PROBLEM DESCRIPTION:
A word-for-word reproduction of the data below is needed, with no pictures in it.

AVAILABLE DATA:
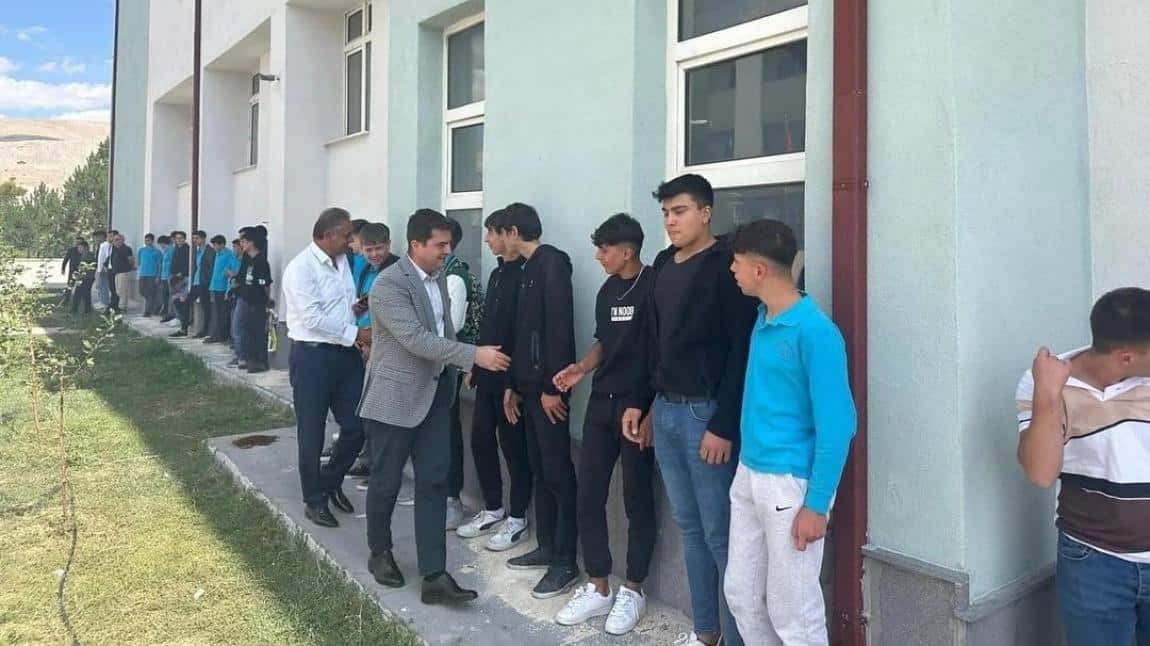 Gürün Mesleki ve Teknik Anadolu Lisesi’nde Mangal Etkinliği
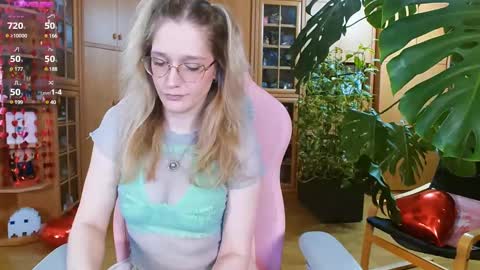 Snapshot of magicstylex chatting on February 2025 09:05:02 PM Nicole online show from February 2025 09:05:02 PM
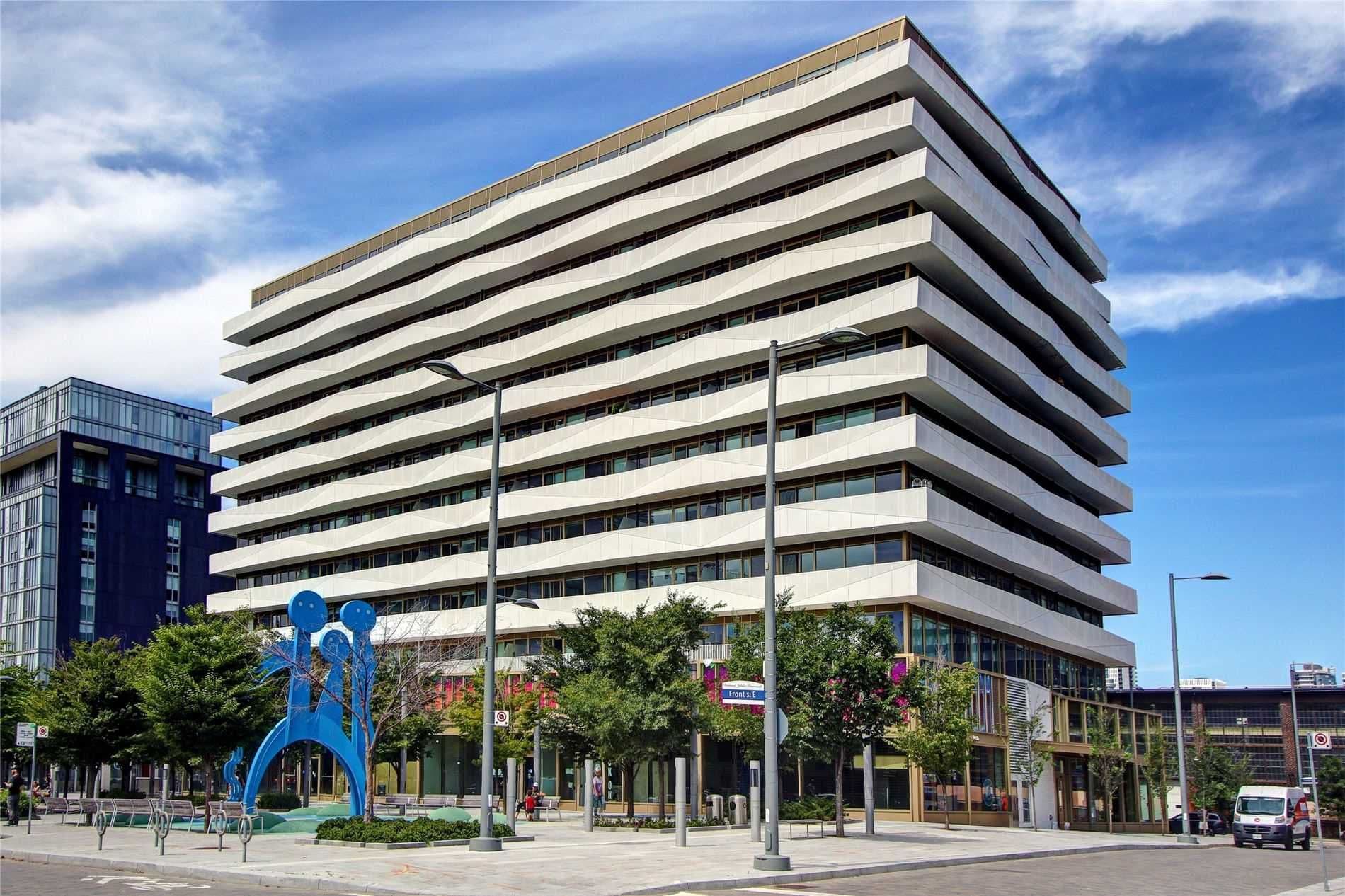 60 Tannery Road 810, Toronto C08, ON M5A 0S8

ANSWER SECTION:
 Gürün Mesleki ve Teknik Anadolu Lisesi’nde Mangal Etkinliği
 Snapshot of magicstylex chatting on February 2025 09:05:02 PM Nicole online show from February 2025 09:05:02 PM
 60 Tannery Road 810, Toronto C08, ON M5A 0S8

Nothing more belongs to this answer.